The Consumer Financial Protection Bureau issued a proposal July 24 that would require lenders to disclose more information on mortgages, including homebuyer age and credit score and details about property value and interest rates.
The CFPB said that the rule would update the reporting requirements of the Home Mortgage Disclosure Act — as required by the Dodd-Frank Act — and provide greater insight into consumers’ access to mortgage credit. It also said that it would help simplify the reporting process for financial institutions.

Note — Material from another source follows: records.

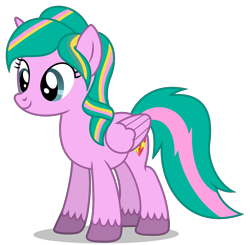 Size: 3224x3157 | Tagged: safe, artist:creedyboy124, oc, oc only, oc:star heart, alicorn, g4, alicorn oc, female, high res, horn, simple background, smiling, solo, transparent background, wings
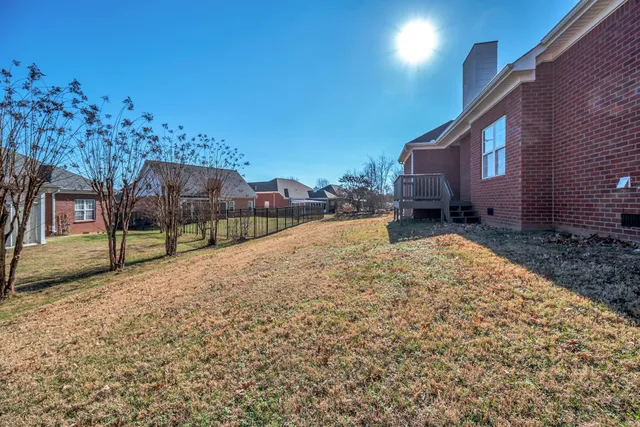 a front view of house with yard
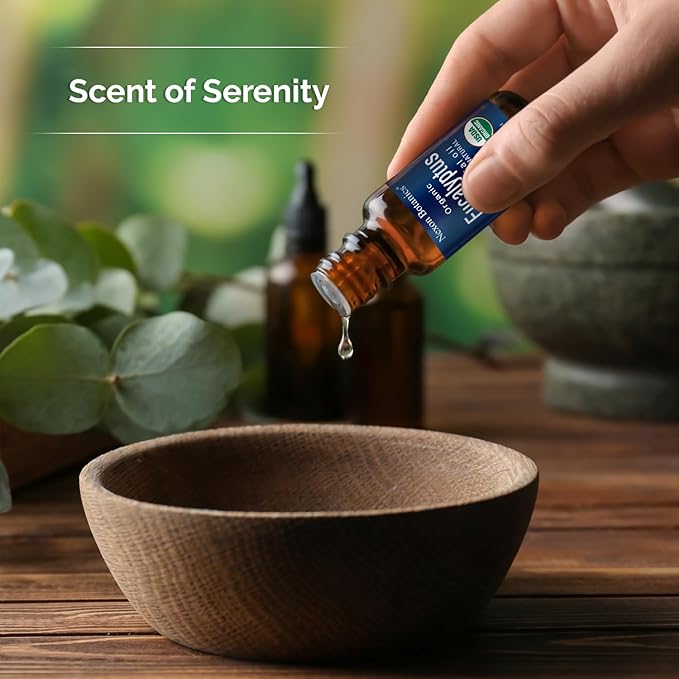Organic Eucalyptus Essential Oil 30 ml - Pure Natural Oil for Diffuser, Sauna, and Aromatherapy - Aceite de Eucalipto - Nexon Botanics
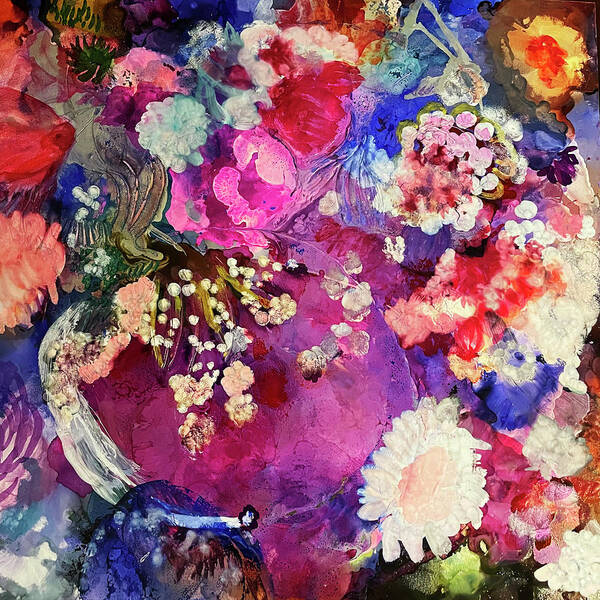 Flowers Art Print featuring the painting Birthdays by Tommy McDonell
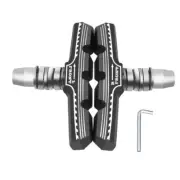 1 Pair Bicycles Brake Blocks Kits with Wrench, Nut and Shims Brake Pads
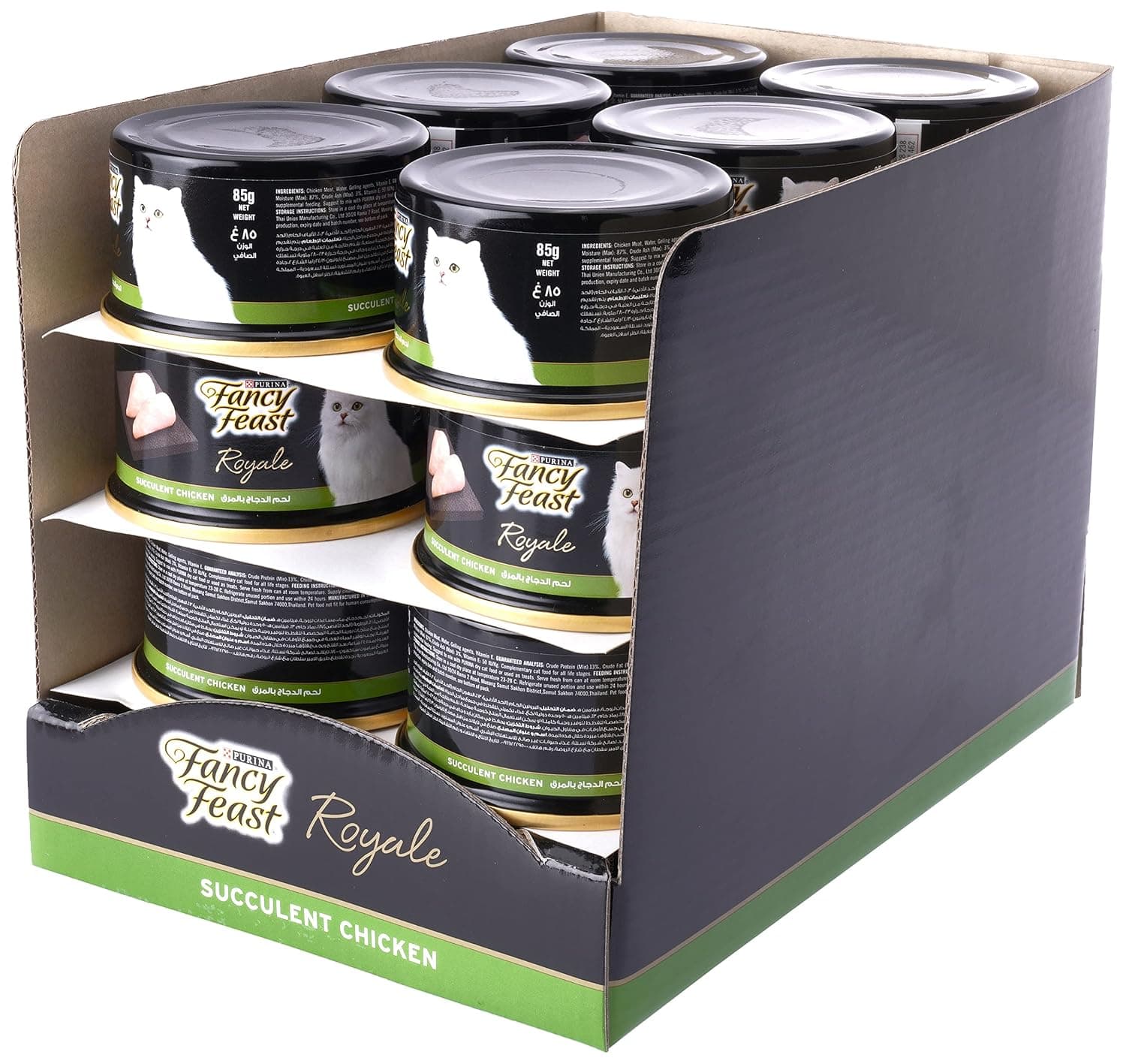 Purina Fancy Feast Royale Roasted Chicken Wet Cat Food Can, 24x85g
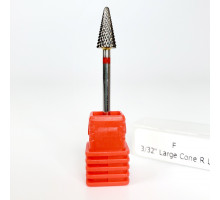 Твердосплавна насадка конус гострий, червона насічка (Large Cone RLF)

“It is critical that we shed more light on the mortgage market — the largest consumer financial market in the world,” CFPB Director Richard Cordray said in a news release. “The Home Mortgage Disclosure Act helps financial regulators and public officials keep a watchful eye on emerging trends and problem areas in the mortgage market. Today’s proposal would help us understand better how to protect consumers’ access to mortgage credit while simplifying the reporting requirements for financial institutions.”
The CFPB said the data collection also would help it understand the impact of the qualified mortgage rule that went into effect in January; the QM rule requires loans to meet certain criteria in order for underwriters to obtain certain legal protections from buyback demands.
Additional data that CFPB proposes to collect includes lender disclosure of adjustable-rate mortgages and non-amortizing loans that helped propel the nation into financial crisis, as well as reverse mortgages and open-end lines of credit.
Should the proposal go into effect, it likely would exclude small banks from having to report HMDA data if they process fewer than 25 mortgages a year.
The CFPB is seeking comments on the proposal through Oct. 22.